---- Extracted data

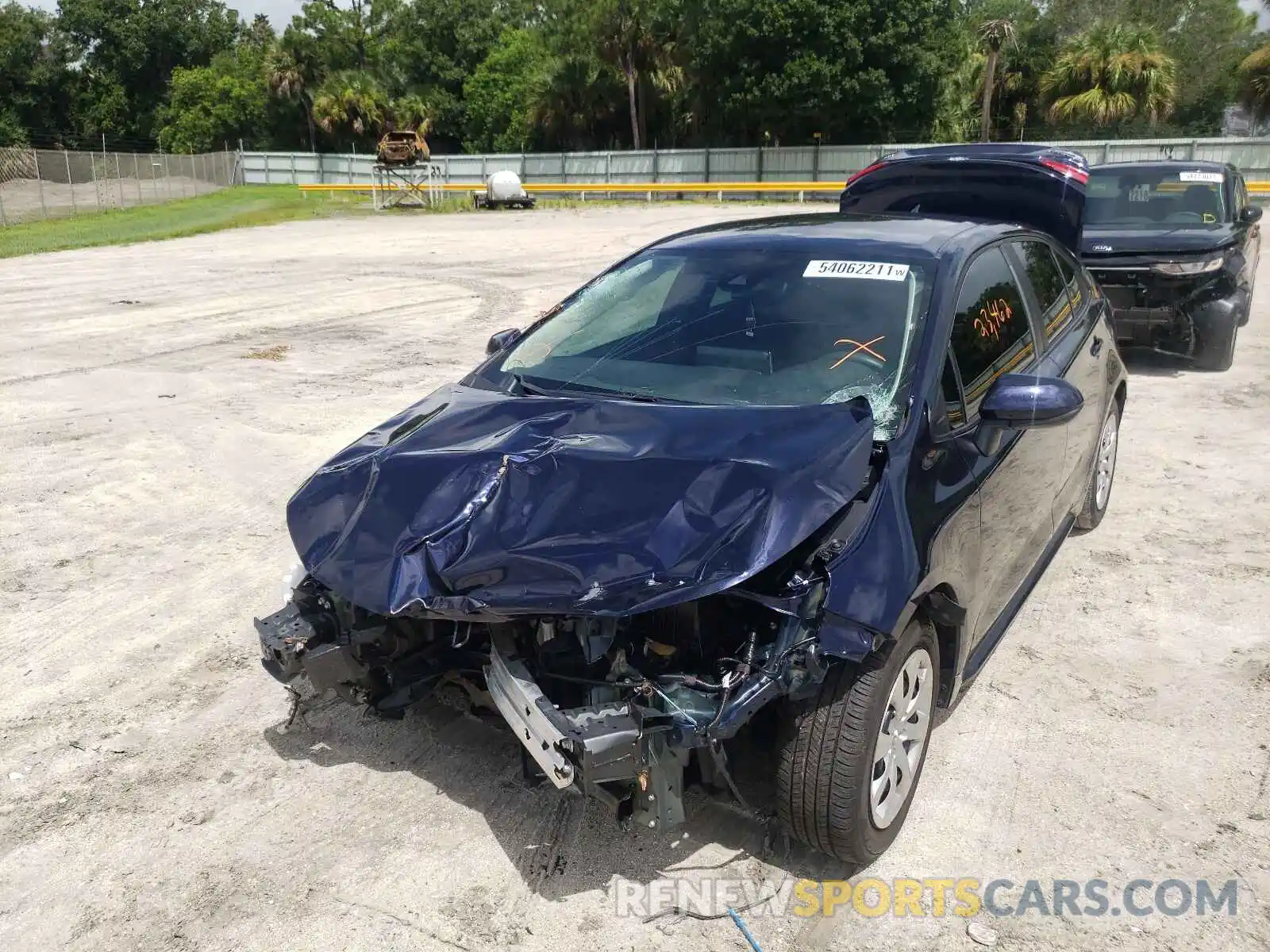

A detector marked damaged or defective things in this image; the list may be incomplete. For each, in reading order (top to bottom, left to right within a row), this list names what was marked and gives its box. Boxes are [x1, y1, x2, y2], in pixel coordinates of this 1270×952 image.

shattered windshield [492, 246, 933, 438]
shattered windshield [1080, 168, 1232, 230]
severely damaged car [1080, 160, 1257, 371]
crumpled hood [292, 386, 876, 619]
severely damaged car [260, 143, 1130, 863]
crushed front end [257, 571, 832, 825]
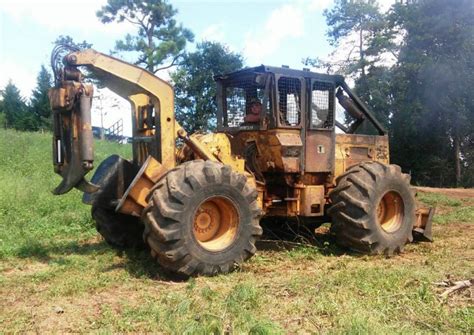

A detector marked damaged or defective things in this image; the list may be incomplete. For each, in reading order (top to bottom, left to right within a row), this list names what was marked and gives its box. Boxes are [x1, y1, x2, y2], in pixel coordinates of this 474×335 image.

rusty metal panel [306, 130, 336, 173]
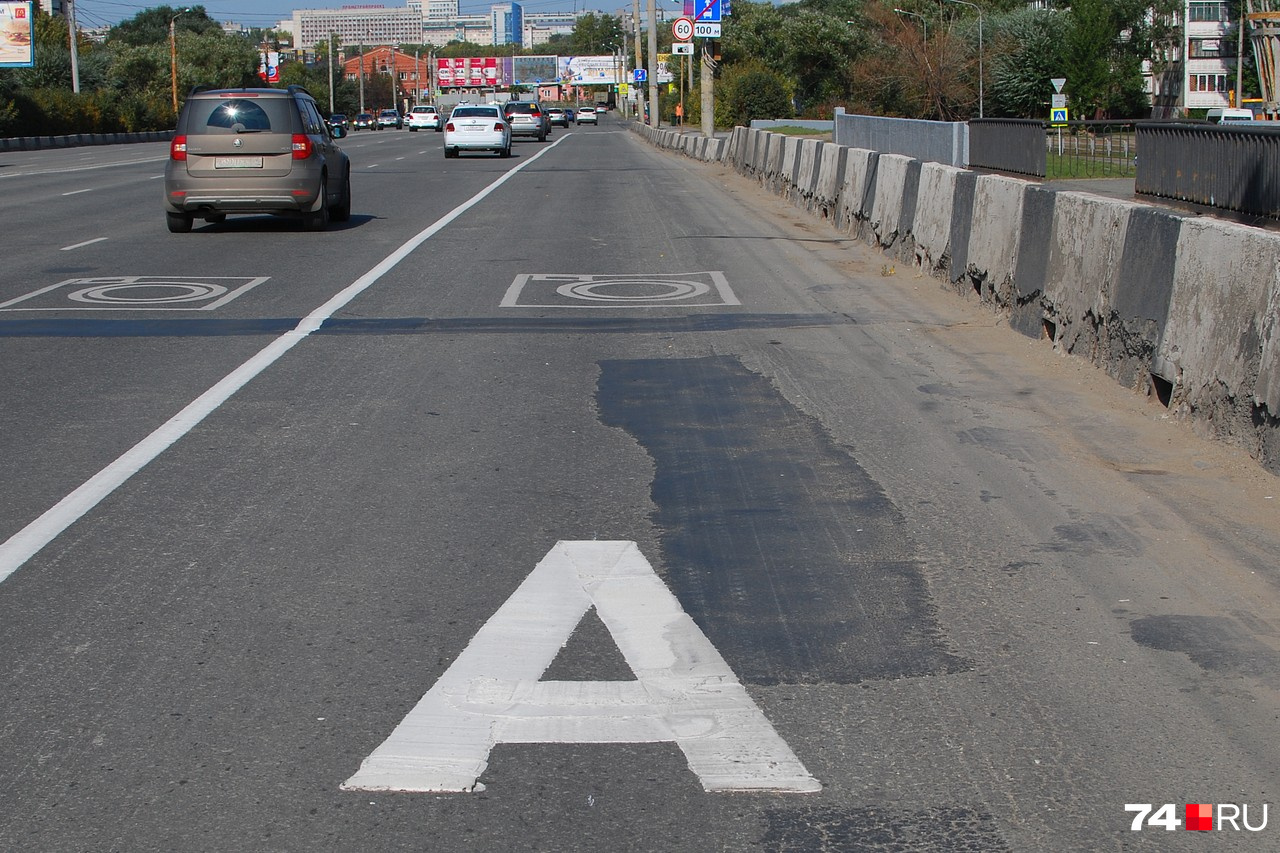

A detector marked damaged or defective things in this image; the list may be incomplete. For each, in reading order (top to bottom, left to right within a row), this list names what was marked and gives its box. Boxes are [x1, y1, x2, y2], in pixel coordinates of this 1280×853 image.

dark asphalt repair patch [593, 353, 962, 686]
dark asphalt repair patch [757, 804, 1008, 850]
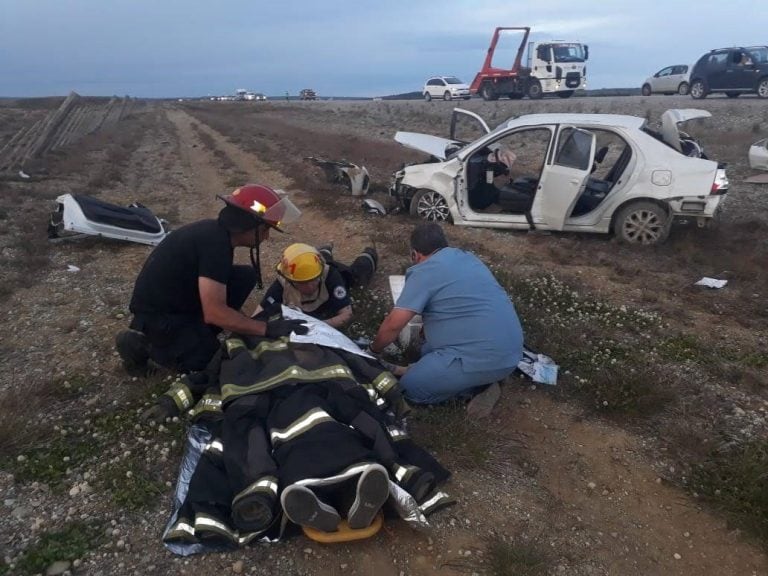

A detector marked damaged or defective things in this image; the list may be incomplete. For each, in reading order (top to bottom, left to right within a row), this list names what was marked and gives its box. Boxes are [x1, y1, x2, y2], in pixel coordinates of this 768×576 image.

damaged white car [392, 109, 728, 244]
detached car door [532, 127, 596, 230]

--------

• **What to do**
Copy the records above exactly, leaving out every picture.

• **Your solution**
A detector marked damaged or defective things in this image; the list may be incomplete. For each, in reading order (top to bottom, left to right within a row), this list names what was marked and gives its box. Boxes are [x1, y1, x2, y2], in pixel coordinates of this 1270×952 image.

shattered windshield [492, 246, 933, 438]
shattered windshield [1080, 168, 1232, 230]
severely damaged car [1080, 160, 1257, 371]
crumpled hood [292, 386, 876, 619]
severely damaged car [260, 143, 1130, 863]
crushed front end [257, 571, 832, 825]

A detector marked damaged or defective things in this image; the list may be incomplete. For each, in reading order (top to bottom, left to right within a row), this list names what was marked and gives its box. Boxes are [x1, y1, x2, y2], in pixel coordinates of this 474×335 image.

rusty metal panel [306, 130, 336, 173]

A detector marked damaged or defective things in this image; the list may be incomplete. For each, in reading order (top to bottom, left to right within a row), this list names what was marked and gives its box. Boxes are [x1, y1, x2, y2], in pixel coordinates of this 1280×853 image.

dark asphalt repair patch [593, 353, 962, 686]
dark asphalt repair patch [757, 804, 1008, 850]

A detector marked damaged or defective things in this image; the list may be incomplete. For each, in reading order (top to bottom, left to right within a row), this list names what was marked and gives its box. Boxes are [x1, y1, x2, y2], in pixel coordinates of this 768×576 image.

damaged white car [392, 109, 728, 244]
detached car door [532, 127, 596, 230]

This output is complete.